Activity
Pictures stay out; everything else in the listing below is to be restated word for word.

Dataset excerpt
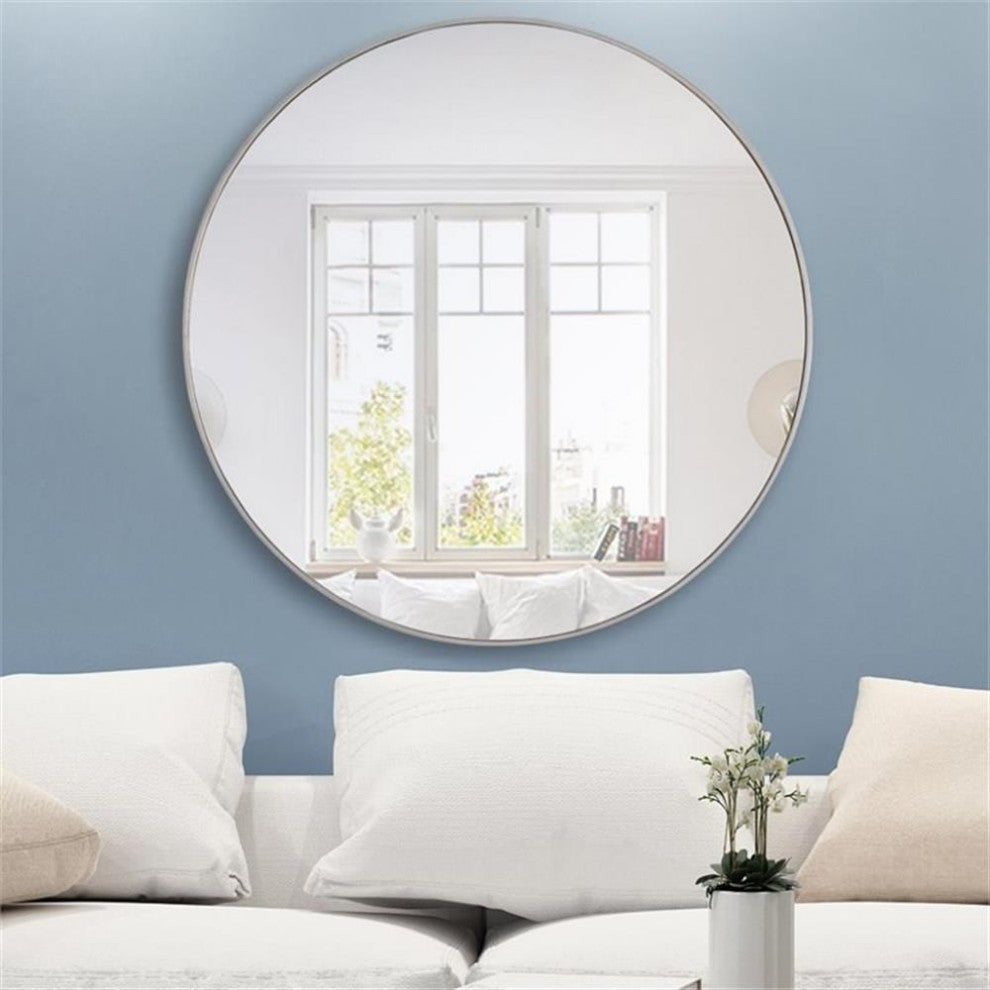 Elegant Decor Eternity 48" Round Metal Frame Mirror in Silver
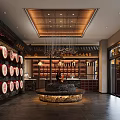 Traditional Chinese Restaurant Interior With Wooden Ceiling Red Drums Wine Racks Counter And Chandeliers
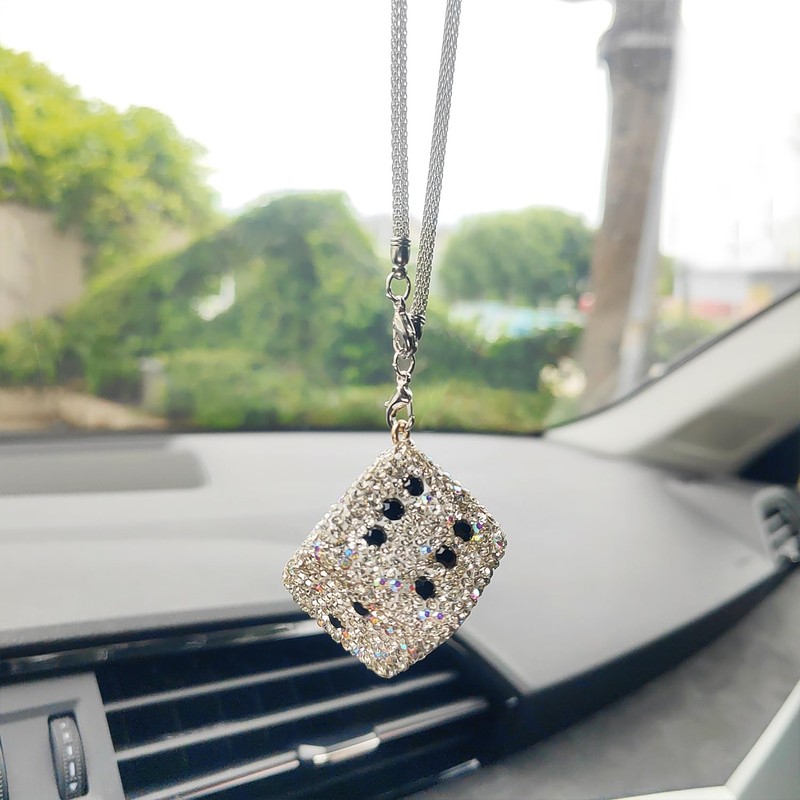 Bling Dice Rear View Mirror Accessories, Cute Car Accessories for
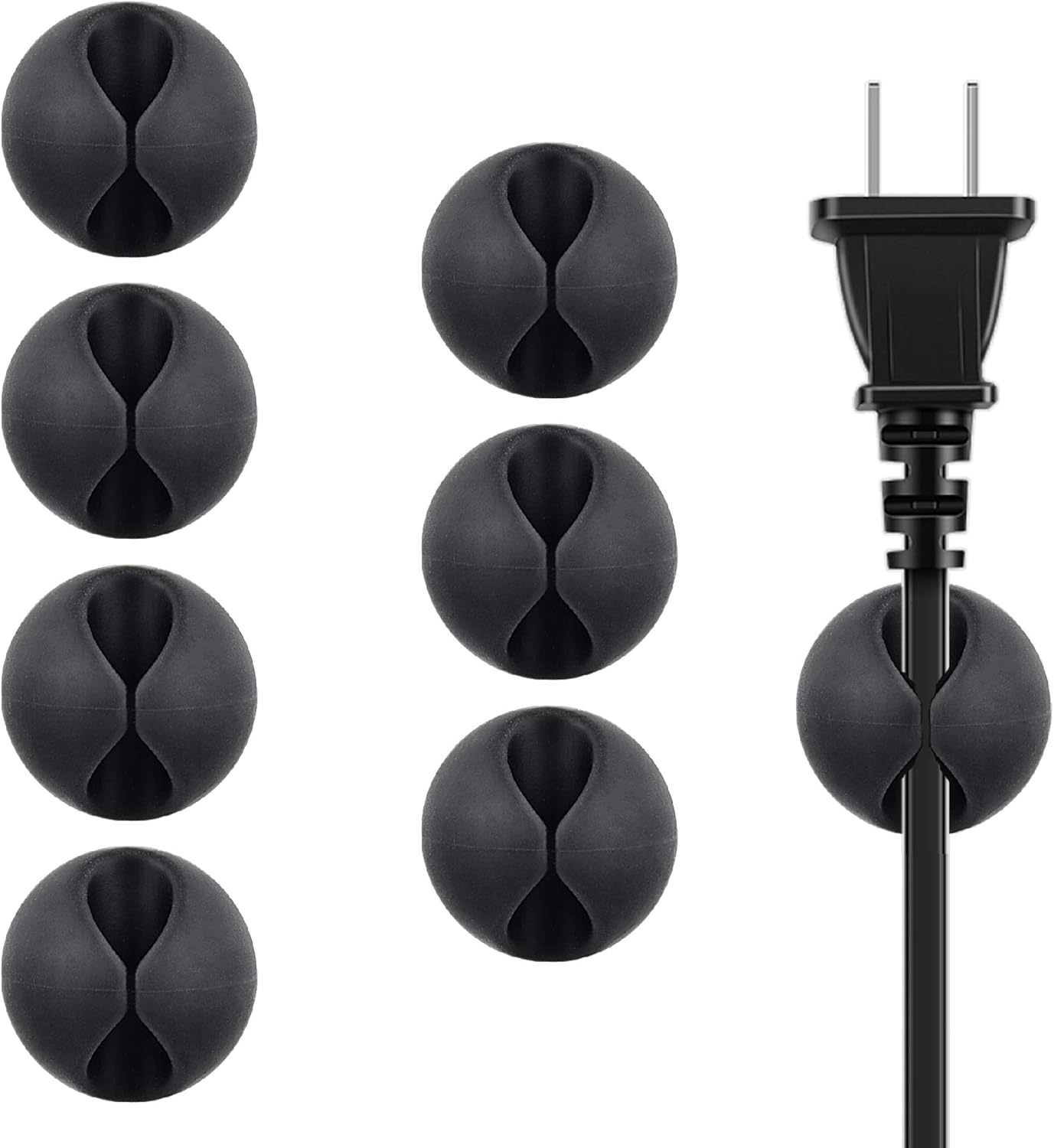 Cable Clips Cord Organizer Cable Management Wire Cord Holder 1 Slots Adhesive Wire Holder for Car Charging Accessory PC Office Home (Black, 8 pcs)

Result
 Elegant Decor Eternity 48" Round Metal Frame Mirror in Silver
 Traditional Chinese Restaurant Interior With Wooden Ceiling Red Drums Wine Racks Counter And Chandeliers
 Bling Dice Rear View Mirror Accessories, Cute Car Accessories for
 Cable Clips Cord Organizer Cable Management Wire Cord Holder 1 Slots Adhesive Wire Holder for Car Charging Accessory PC Office Home (Black, 8 pcs)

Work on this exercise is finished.